Condition: richly inked impression in excellent condition with small margins (varying but approximately 1 cm). The sheet is laid upon a conservator’s support sheet.

I am selling this very romantic landscape with the featured biblical subject of Tobias addressed by an Angel for AU$154 (currently US$114.95/EUR102.59/GBP88.75 at the time of this listing) including postage and handling to anywhere in the world.
If you are interested in purchasing this beautiful print glowing with light, please contact me (oz_jim@printsandprinciples.com) and I will send you a PayPal invoice to make the payment easy.

This print has been sold


This print has driven me crazy and the reason is all about my attempt to establish the name of the printmaker responsible for its execution. At first I thought that my research had come to an end when I found that the British Museum named the etcher as Abraham Genoels and advised that the print was part of a six plate series published by Van der Meulen (as inscribed on the plate). Sadly, my joy was short lived and doubt set in when I read the BM’s advice that the print was not listed in the catalogue raisonné on Genoels offered by Bartsch or Hollstein.
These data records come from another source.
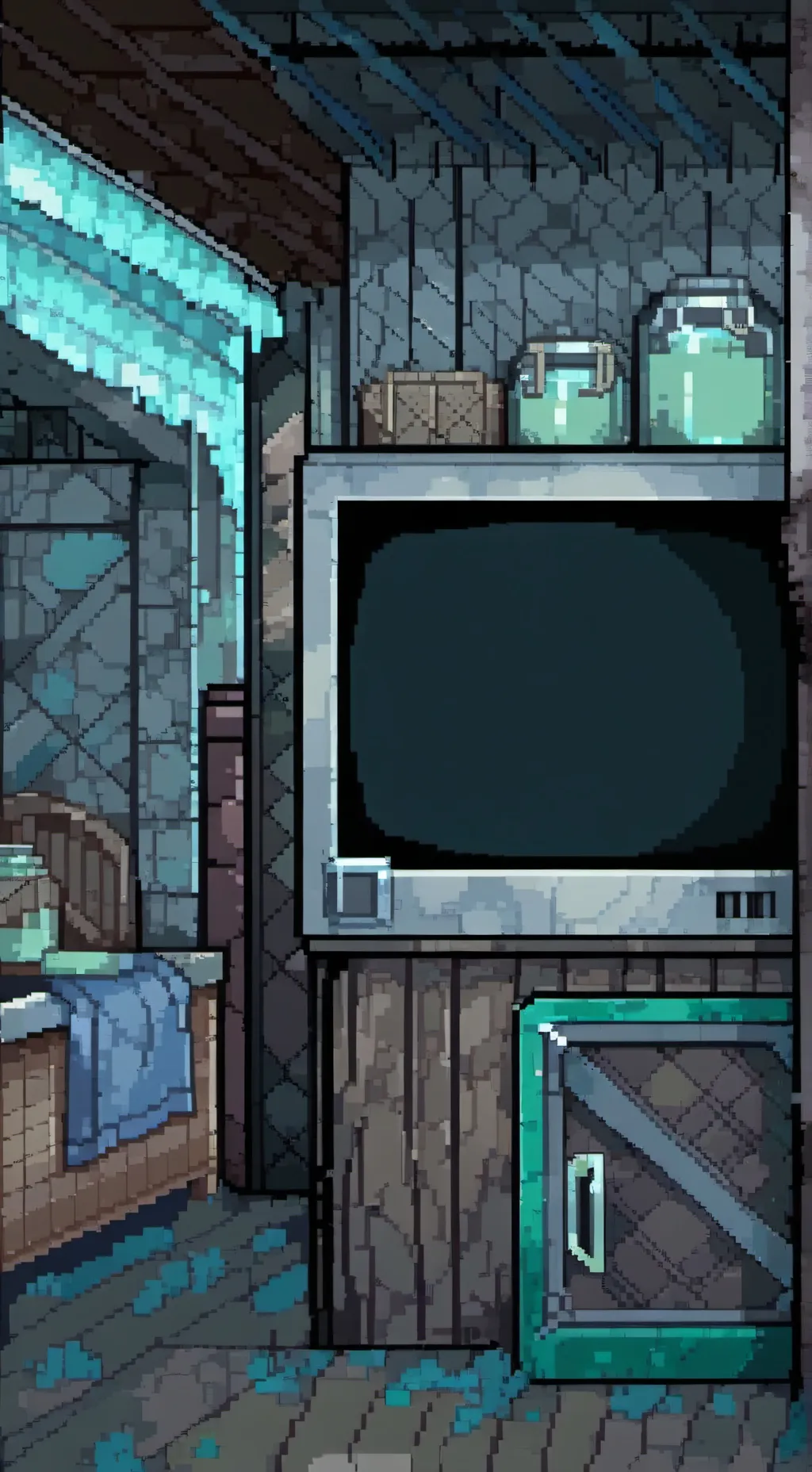 ai character: pebble background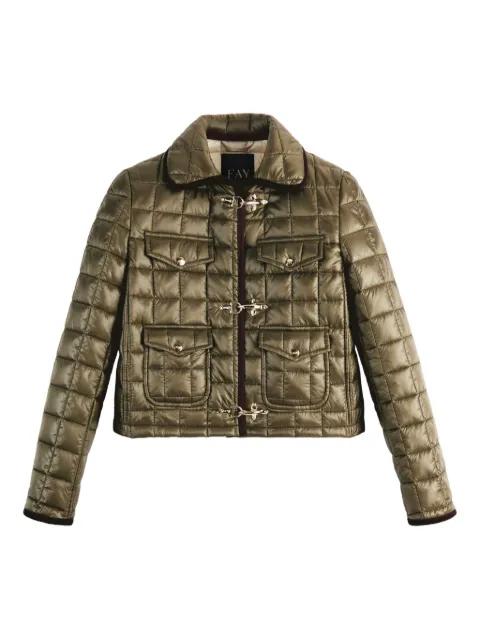 quilted cropped jacket by FAY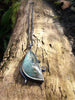 Sterling silver and Labradorite handmade pendant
The fact that these sources did not have the print listed is not in itself a problem as both august authorities are known to have shortfalls in their collections of data (for example, in my last post I commented about the error in Bartsch that has not been corrected in TIB regarding Diana Scultori’s name). My consternation is that Joconde: Portal of the Collections of the Museums of France attributes this print and the five others in the series to a somewhat obscure late 17th century printmaker called B. Chiboust. Indeed this artist is so obscure that the Philadelphia Museum of Art shows the first initial of the name as a “P” rather than a “B.” (see http://www.philamuseum.org/collections/permanent/79806.html?mulR=1021048225%7C2).

Now that I have found a disquieting conflict of opinions about the true identity of the printmaker I feel no apprehension about offering my own opinion.

To my eyes this is not a print by Genoels. Genoels did execute seven circular compositions at the start of his career as a printmaker (see TIB 5 [4].1 [323] to 7 [327]) along with a few prints with rounded sections and at least one oval print, but there is a vast difference in the open handling of these formally accredited prints by Genoels and the tightly controlled mimetic style of this print. I also wish to draw attention to the treatment of the portrayed figures in the sense that Genoel’s figures are well-rounded whereas here the figures are slim, attenuated and puckered—to borrow an earlier description of Aldegrever’s treatment of figures. Even the treatment of trees and foliage is different. Genoels’ trees are usually represented with rounded strokes that give the foliage a rather fluffy look whereas here the foliage is rendered with almost mechanically aligned strokes giving the trees a rather spiky appearance.